Kaua'i Utility Signs Deal With SolarCity for First Dispatchable Solar Storage System - Yahoo Finance
I was just about to post that. This is very exciting and surprising. I believe this is SolarCity's first utility scale installation. If they are able to compete at utility scale now, then they must have more capability to compete in the industrial and commercial markets as well.

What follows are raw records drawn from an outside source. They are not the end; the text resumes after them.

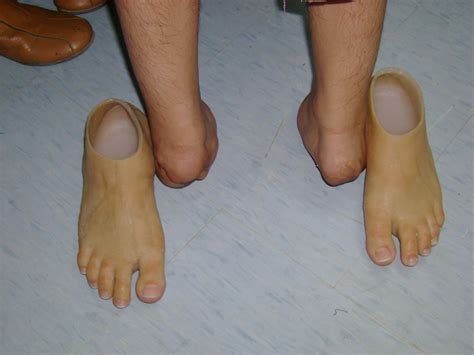 Prosthetic Foot Types - Design Talk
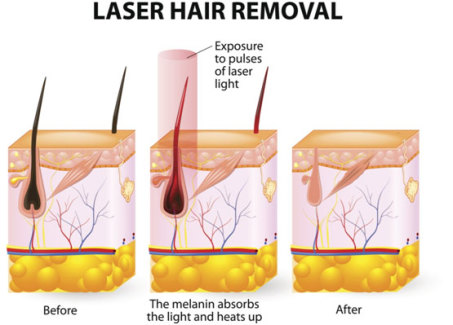 Laser hair removal diagram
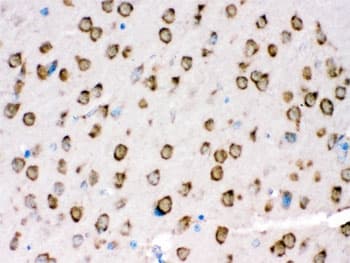 TRPM5 Antibody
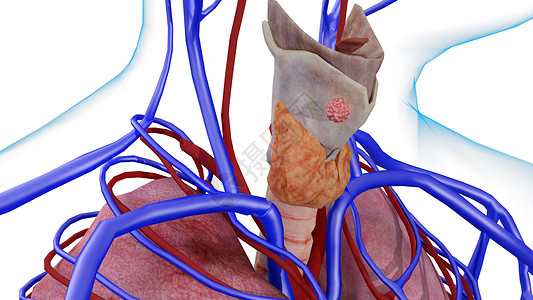甲状腺癌第二阶段图片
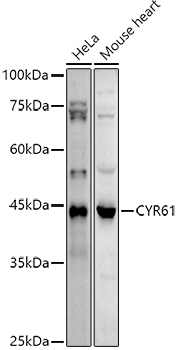 CYR61 Rabbit Polyclonal Antibody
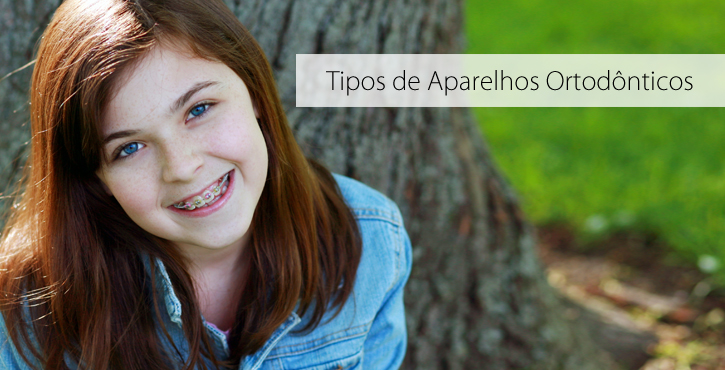 Ortodontia com aparelho dentário especial e tempo de tratamento pré-estipulado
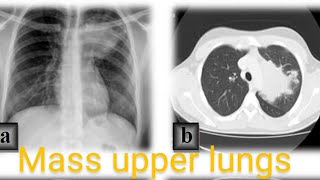 ct scan chest plain  soft tissue mass left lung upper and lover lobs  DD pleural based mass lesion [upl. by Edya]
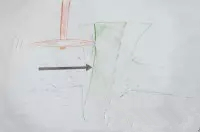 淺談牙頸部缺損--關(guan) 於(yu) 楔狀缺損與(yu) 酸蝕症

They are able to provide a PPA at just a little above the PPAs for 2 other 12MW installations with the utility. So we know this is competitive. What is more is that this includes 52 MWh of storage on what appears to be a 13 MW solar array. Thus the most of the solar power produced will be stored. It will be sold into the evening hours. So this supply of solar does not really compete with rooftop solar feeding in before evening. This is good because we want SolarCity to be able to continue to add rooftop capacity. It's nice that at least one utility in Hawaii is willing to work with SolarCity.